── DATA BELOW

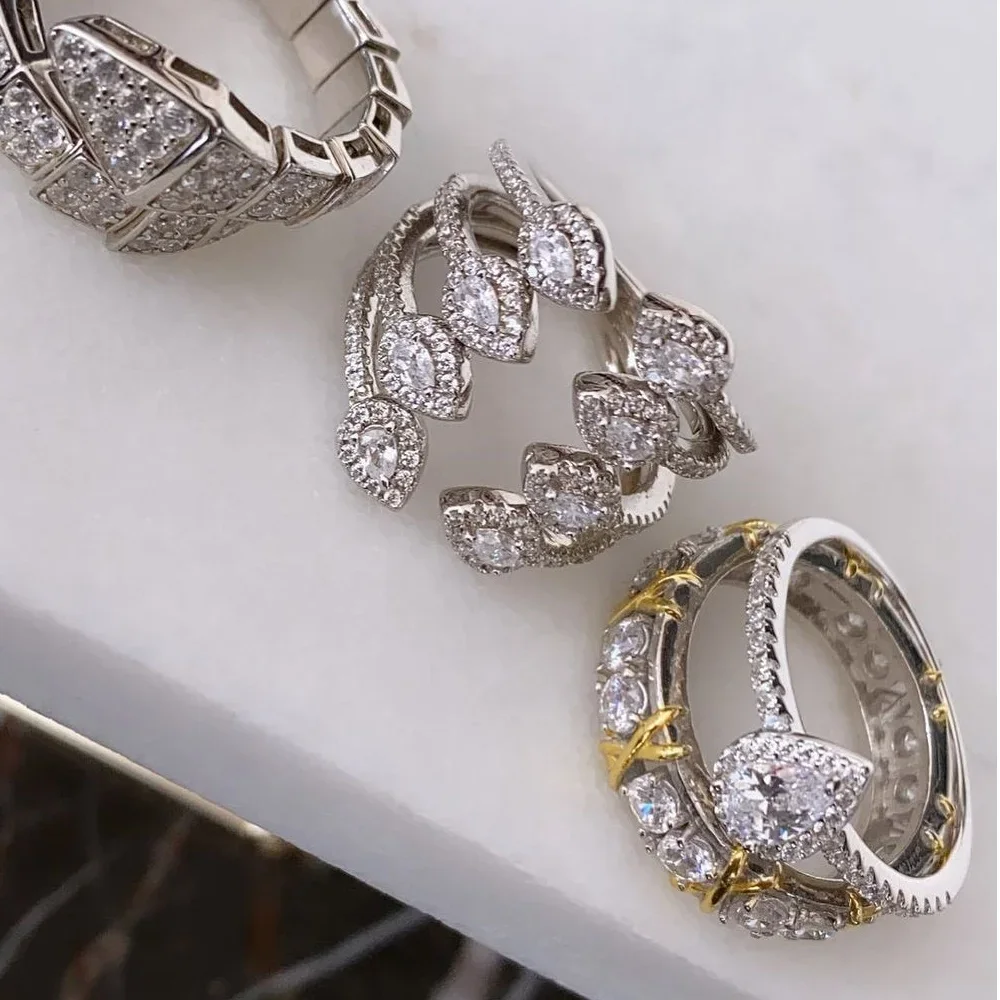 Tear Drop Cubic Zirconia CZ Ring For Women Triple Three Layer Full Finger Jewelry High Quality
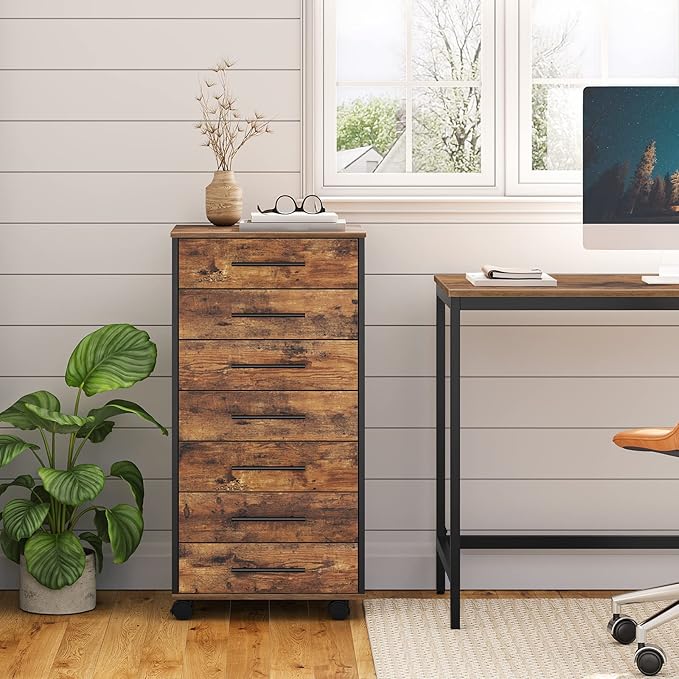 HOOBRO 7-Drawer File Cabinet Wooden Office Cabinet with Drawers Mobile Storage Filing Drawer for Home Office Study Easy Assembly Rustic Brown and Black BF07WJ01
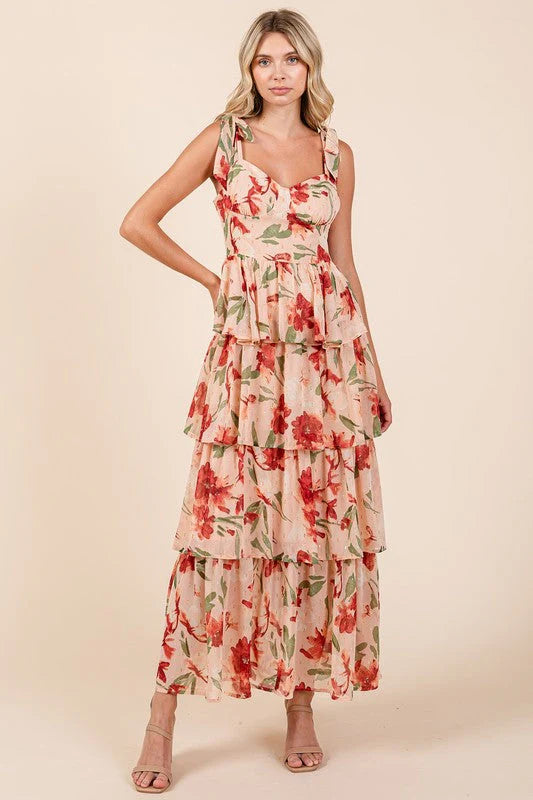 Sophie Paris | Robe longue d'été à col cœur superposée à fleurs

────

◆ **TRY IT**
Aside from its pictures, the listing must be given again in full, exactly as it appears.

◆ **ANSWER BOX**
 Tear Drop Cubic Zirconia CZ Ring For Women Triple Three Layer Full Finger Jewelry High Quality
 HOOBRO 7-Drawer File Cabinet Wooden Office Cabinet with Drawers Mobile Storage Filing Drawer for Home Office Study Easy Assembly Rustic Brown and Black BF07WJ01
 Sophie Paris | Robe longue d'été à col cœur superposée à fleurs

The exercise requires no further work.